How has Iran used the money from increased trade? In March 2001, Mr. Khatami traveled to Moscow to sign a $7 billion arms and nuclear reactor deal, even while state workers marched for unpaid wages. Iran’s contribution to Hezbollah now exceeds $100 million. On June 8, three days after Islamic Jihad killed 17 on a public bus in Israel, the Iranian government bolstered its payments to the group by 70%. Iranian biological weapons labs now stock Swiss, German, Italian, and Spanish lab equipment. While Mr. Khatami speaks to Western audiences of a dialogue of civilizations, his message to Iranians is far different. “In the Koran, God commanded to kill the wicked and to murder those who do not see the rights of the oppressed. . . . If we abide by the Koran, all of us should mobilize to kill,” he declared in an October 2000 televised address.

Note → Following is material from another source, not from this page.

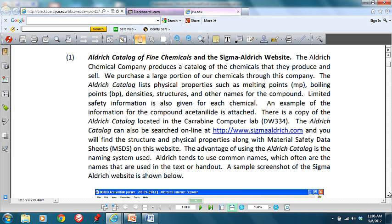The first place to look for physical information is the Aldrich Catalog of Fine Chemicals and then the Sigma-Aldrich website. Sigma and Aldrich used to be separate chemical companies that we order many of our lab chemicals from, and they've since merged. In a sort of brilliant marketing scheme, the Aldrich Chemical Company used to produce, before the internet, a catalog of all the chemicals they would sell you, and as part of that they included all the physical properties and structures. People kept it on their desk as a reference, and when they needed to order something, there was the Aldrich Catalog. There are still paper copies, although everything has moved electronically.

Given the record of dialogue with Iran, it is curious that the State Department so cavalierly threw aside the President’s Axis of Evil declaration. During his February trip to the Middle East, the Director of Policy Planning at the State Department advocated engaging Iran. American officials subsequently held secret talks with Iran at Cyprus. Back channel talks continue at Kabul.
Dialogue may work among democracies, but dictatorships at best interpret engagement as a go-ahead for business as usual, and at worst see a weakness to exploit. Saddam Hussein used the West’s policy of engagement during the 1980s to develop weapons capable of mass destruction. Iran pursues the same strategy today, facilitated by the West’s susceptibility to Mr. Khatami’s charm offense. Rather than rely on rhetoric, the Bush administration should look at results. American national security and the war on terror deserve nothing less.
Michael Rubin is a visiting scholar at AEI.